That analysis easily can be applied to safety failures in general industry and construction, Sehn asserted.

"When do we focus on safety? When we have problems, when our incidents are high," Sehn said, adding that such focus is only short-term. "We focus on it until things get better or appear to get better then we forget about it."

According to Sehn, some of the most common causes of failure in EHS efforts include:

  • Labeling safety efforts as "programs." Safety programs, like television programs, have a start and finish, and Sehn contends that the concept of a safety program has a "built-in failure mode." A better alternative is to think of safety as a process. "Processes evolve into new processes," Sehn said. "They continue to evolve and change.

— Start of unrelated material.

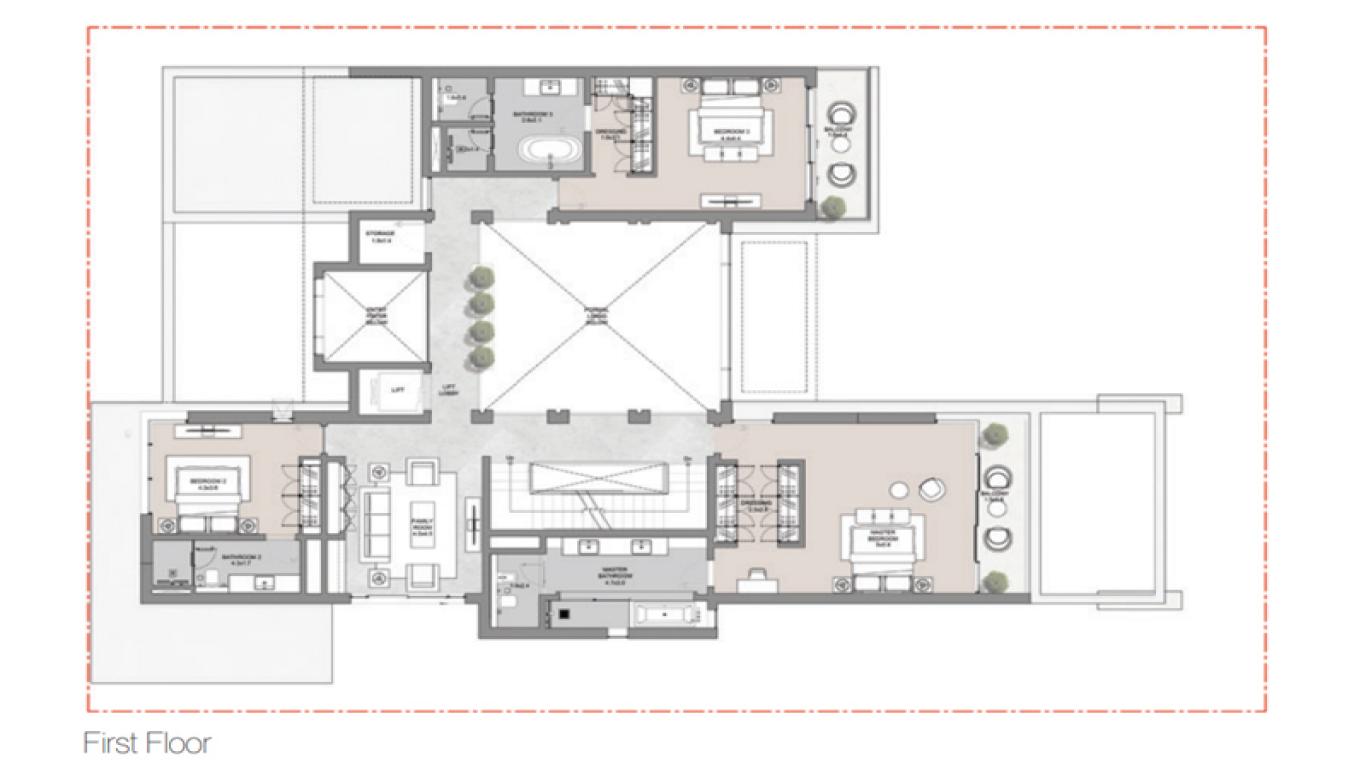 Sobha Siniya Island-SOBHA_Siniya-plan6.jpg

Programs will fatigue and ultimately die."
  • Looking to best practices, policies and procedures as the ultimate antidote to failure. Compliance with federal standards is important, according to Sehn, but it's not necessarily the answer. Sehn points to Lisa Cullen's remarks in her social commentary A Job to Die for: "OSHA is de-motivated, underfunded, understaffed and, in many cases, poorly trained." If this is even close to true, compliance alone might not be enough of an incentive for employers to maintain safe work environments, Sehn asserted.
  • The paradigm that safety professionals are managers, not leaders. Many safety professionals are viewed as firefighters or technocrats. However, safety practitioners need to be viewed as leaders and innovators; they need to shift from training, inspections and statistic-keeping to competency-based training, system audits/assessments and root-cause analysis, according to Sehn.

Drawing from two management books written by Harvard professor John Kotter, Sehn presented an eight-step model for transformation in organizations that Sehn believes easily can be adapted to EHS.

  1. Establish a sense of urgency. The EHS leader should analyze the current situation to determine what works and where there are apparent gaps and then present this assessment to top management.
  2. Create a guiding coalition. A team of key personnel needs to lead the safety change effort. All team members should have an area of responsibility and accountability. As a mechanism for providing guidance for the creation of the coalition, Sehn recommended management oversight committees instead of safety committees.
  3. Develop a goal with a corresponding strategy or plan that will provide direction for the change to take place. Sehn recommended leading indicator goals such as a target of 100-percent compliance with PPE over lagging indicator goals (such as a goal of reducing injuries by 15 percent). Remember that the overriding goal is protecting people, property and the environment.
  4. Communicate the goals. Use every vehicle possible including e-mail and the Internet to constantly communicate EHS goals and where the organization stands in relationship to the goals. Top management must be visible and involved in communications (e.g., leading each communication with a safety message, comment or statement). The coalition must model the expected behavior for all employees.
  5. Empower broad-based action. If there are obstacles to change whether physical or systems they must be removed. Employees must be encouraged to offer ideas that might be considered non-traditional or risk-taking in nature. Resources should be directed at safety engineering solutions vs. traditional approaches.
  6. Generate short-term wins. Create wins based on data improvement, audits and monitoring; communicate these results; recognize those responsible; and celebrate.
  7. Consolidate gains and produce more gains. Hire and promote change agents who provide the credibility to change the systems, structures and policies that do not fit together in the process and look for opportunities for continuous improvement.
  8. Integrate new approaches into the new safety culture. Create better performance through employee safe behaviors, and explain to employees the connection between behaviors and success. Develop a means to ensure leadership and succession.

Sehn concluded by telling the audience when people, property and the environment are concerned, failure is not an option.